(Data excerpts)
━━━━━━━━━━━━━━━━━━━━

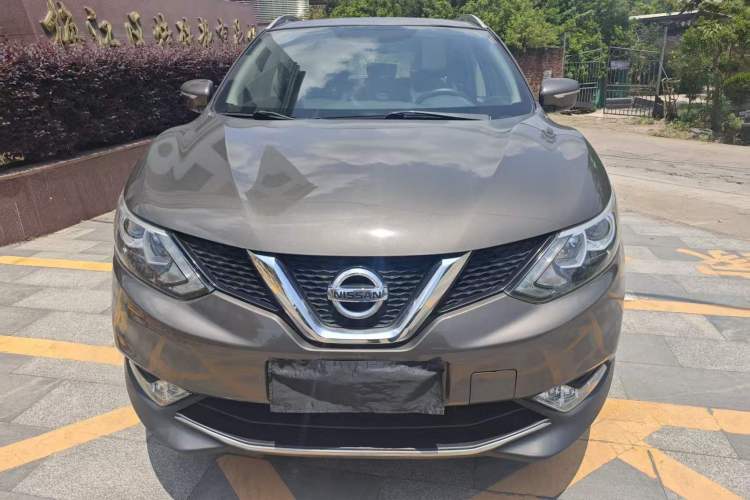 Used Nissan Qashqai 2017 2.0L CVT Smart Enjoyment Version China V Standard Exterior 1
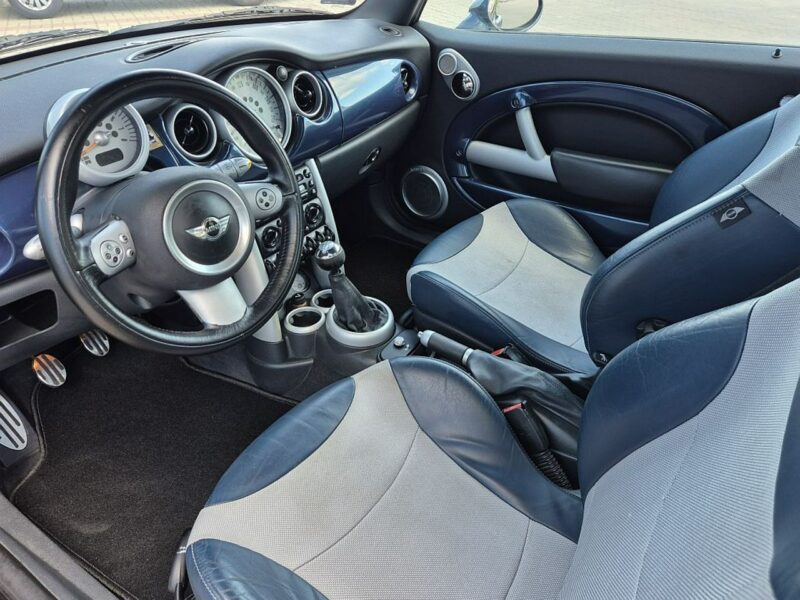 Mini Cooper S CHECKMATE * GWARANCJA * 1.6 benzyna 170 KM * warszawa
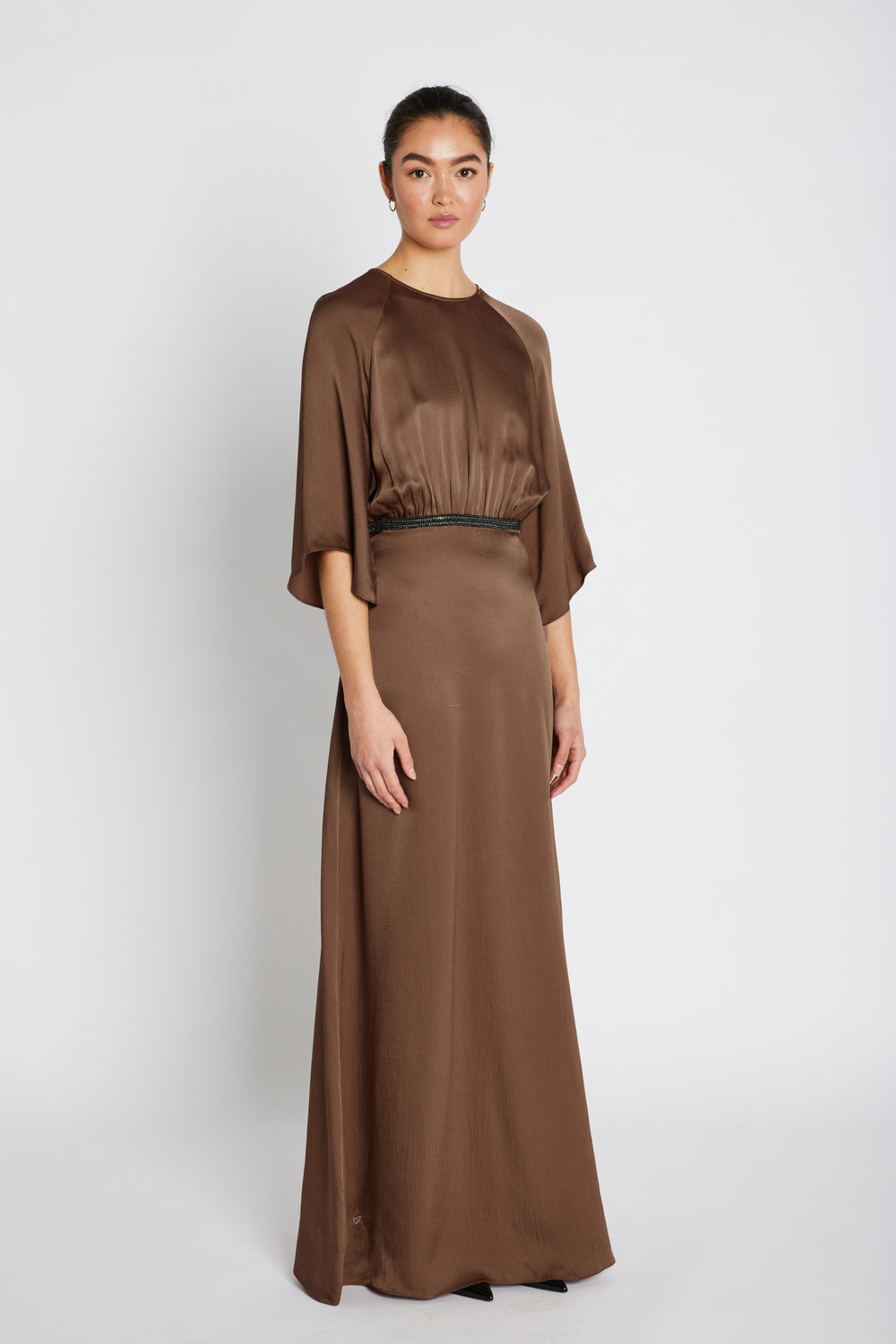 Heartmade Harkin kjole DRESSES 85 Shitake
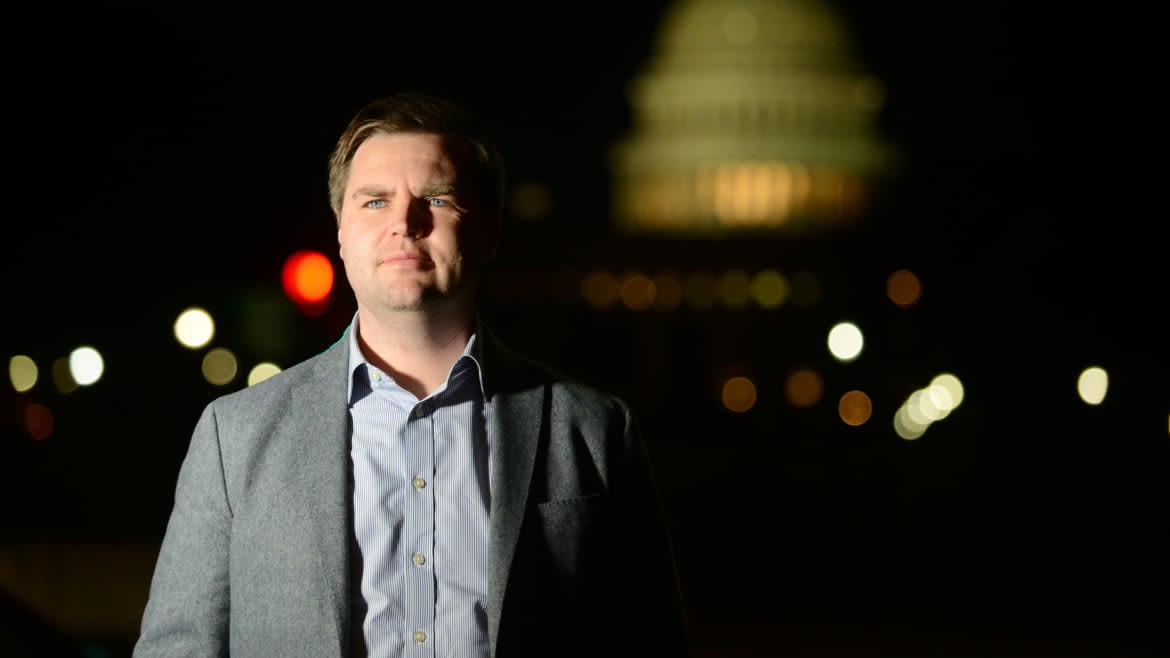 ‘Hillbilly Elegy’ Rises on Netflix Charts After J.D. Vance’s VP Nom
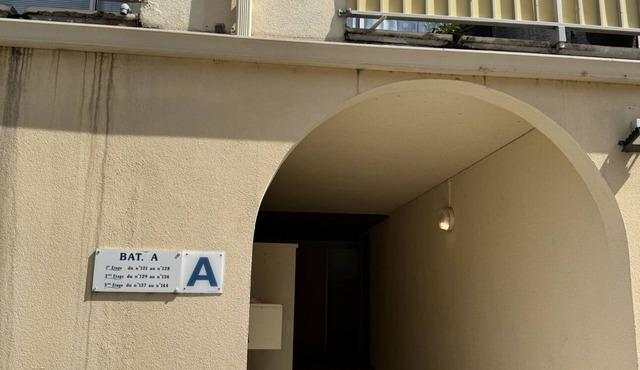 Appartement Climatisé Avec Terrasse Gruissan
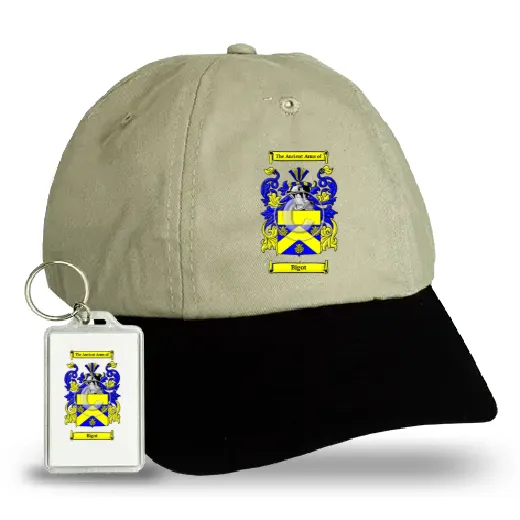 Bigot Ball cap and Keychain Special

━━━━━━━━━━━━━━━━━━━━

**What you have to do**
An exact copy is required of the lines from the one holding "Vance’s VP Nom" to the end of the entries above, both included; no pictures belong in it.

**Result of this task**
 ‘Hillbilly Elegy’ Rises on Netflix Charts After J.D. Vance’s VP Nom
 Appartement Climatisé Avec Terrasse Gruissan
 Bigot Ball cap and Keychain Special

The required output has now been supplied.